This method maintains the invariants on three dictionaries:
.__personalLetterMap, .__personalMap, and .__officialMap.
It ignores accesses to the institute homepage “/”.
# - - - A c c e s s S u m m a r y . _ _ a d d C a t e g o r y
def __addCategory ( self, url ):
'''Add this URL to the personal or official dictionaries.

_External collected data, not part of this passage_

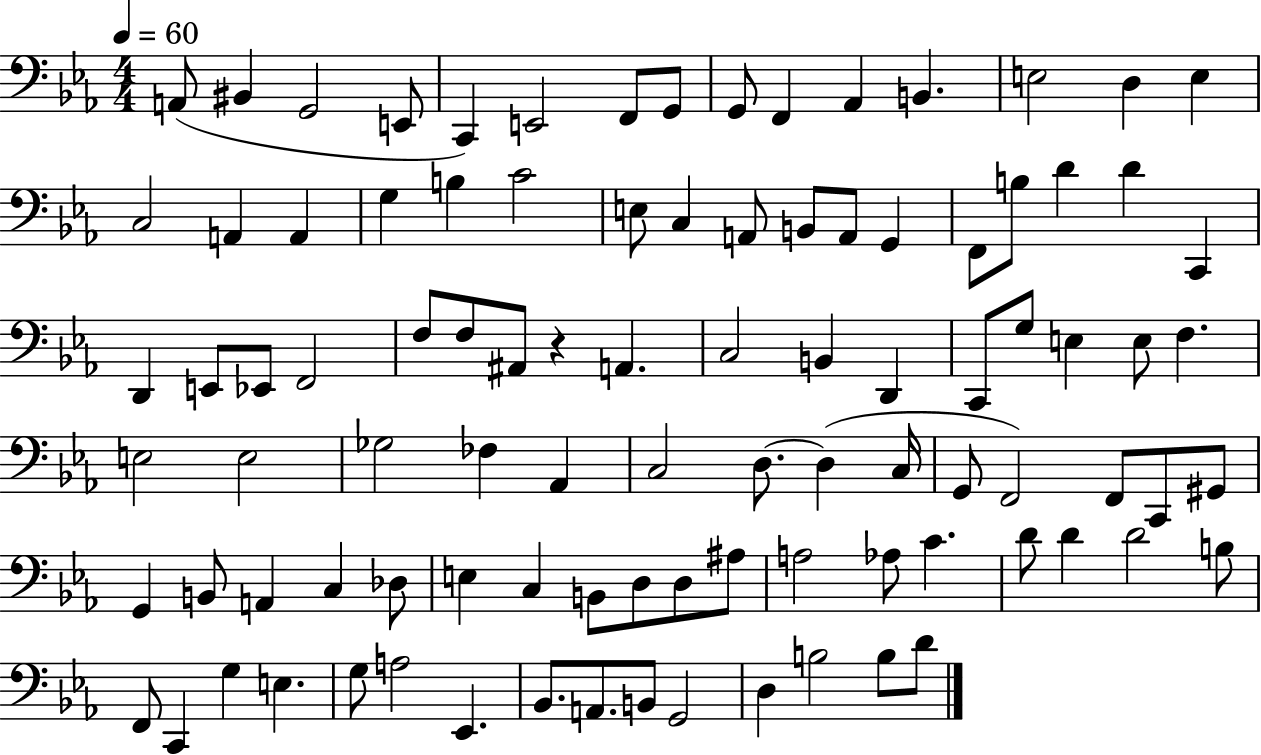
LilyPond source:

{
  \clef bass
  \numericTimeSignature
  \time 4/4
  \key ees \major
  \tempo 4 = 60
  a,8( bis,4 g,2 e,8 | c,4) e,2 f,8 g,8 | g,8 f,4 aes,4 b,4. | e2 d4 e4 | \break c2 a,4 a,4 | g4 b4 c'2 | e8 c4 a,8 b,8 a,8 g,4 | f,8 b8 d'4 d'4 c,4 | \break d,4 e,8 ees,8 f,2 | f8 f8 ais,8 r4 a,4. | c2 b,4 d,4 | c,8 g8 e4 e8 f4. | \break e2 e2 | ges2 fes4 aes,4 | c2 d8.~~ d4( c16 | g,8 f,2) f,8 c,8 gis,8 | \break g,4 b,8 a,4 c4 des8 | e4 c4 b,8 d8 d8 ais8 | a2 aes8 c'4. | d'8 d'4 d'2 b8 | \break f,8 c,4 g4 e4. | g8 a2 ees,4. | bes,8. a,8. b,8 g,2 | d4 b2 b8 d'8 | \break \bar "|."
}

[ url is an URL as a string ->
if url is "/" or otherwise length 1 ->
I
else if url is for a personal page ->
self.__personalLetterMap +:= entry for the third
character of url
self.__personalMap +:= entry for url
else ->
self.__officialLetterMap +:= entry for the second
character of url
self.__officialMap +:= entry for url ]
'''
The values in all three of these dictionaries are Python
sets. They use the defaultdict class from the standard Python collections module so that we don't have to
worry about creating the set on the first access: we can
just use the set type's .add() method. For more information on defaultdict, see Section 5, “Imported modules”.

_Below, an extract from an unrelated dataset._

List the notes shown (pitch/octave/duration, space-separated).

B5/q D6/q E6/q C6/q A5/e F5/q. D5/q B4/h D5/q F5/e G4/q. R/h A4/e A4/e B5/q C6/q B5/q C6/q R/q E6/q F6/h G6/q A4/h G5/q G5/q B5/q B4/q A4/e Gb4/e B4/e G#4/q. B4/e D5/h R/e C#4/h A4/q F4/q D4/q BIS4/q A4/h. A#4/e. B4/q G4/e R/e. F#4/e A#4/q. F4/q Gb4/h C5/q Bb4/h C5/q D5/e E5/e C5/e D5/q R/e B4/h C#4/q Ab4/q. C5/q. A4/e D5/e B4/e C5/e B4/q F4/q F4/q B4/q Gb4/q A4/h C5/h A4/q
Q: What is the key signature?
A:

The first task is to classify the URL: is it the
institute homepage ("/"), a personal page
starting with "/~", or an official page
starting with "/" not followed by "~"? See the note at the end of this method
regarding a defect in the original version; any URL
of length one is ignored here.
#-- 1 --
if len(url) < 2:
return
else:
maybeTilde = url[1]
If the character following the "/" is a
tilde, it's a personal page; otherwise it is an official
page.
#-- 2 --
# [ if maybeTilde != '~' ->
# self.__officialMap[directory name from url] +:= url
# return
# else -> I ]
if maybeTilde != '~':
#-- 2.1 --
# [ dirName := portion of url[1:] up to the next
# "/" if there is one, or to the end otherwise ]
dirName = url[1:].split('/')[0]
#-- 2.2 --
# [ self._officialMap[dirName] +:= url
# return ]
try:
self.__officialMap[dirName].add(url)
except KeyError:
self.__officialMap[dirName] = set ( [url] )
return
For a personal page, we must add the URL to two sets: one set by first letter, and one set by personal account name.
#-- 3 --
# [ dirName := portion of url[2:] up to the next "/" if
# there is one, or to the end otherwise
# first := url[2] ]
dirName = url[2:].split('/')[0]
first = url[2]
#-- 4 --
# [ self.__personalLetterMap[first] +:= dirName
# self.__personalMap[dirName] +:= url ]
try:
self.__personalLetterMap[first].add ( dirName )
except KeyError:
self.__personalLetterMap[first] = set ( [dirName] )
try:
self.__personalMap[dirName].add ( url )
except KeyError:
self.__personalMap[dirName] = set ( [url] )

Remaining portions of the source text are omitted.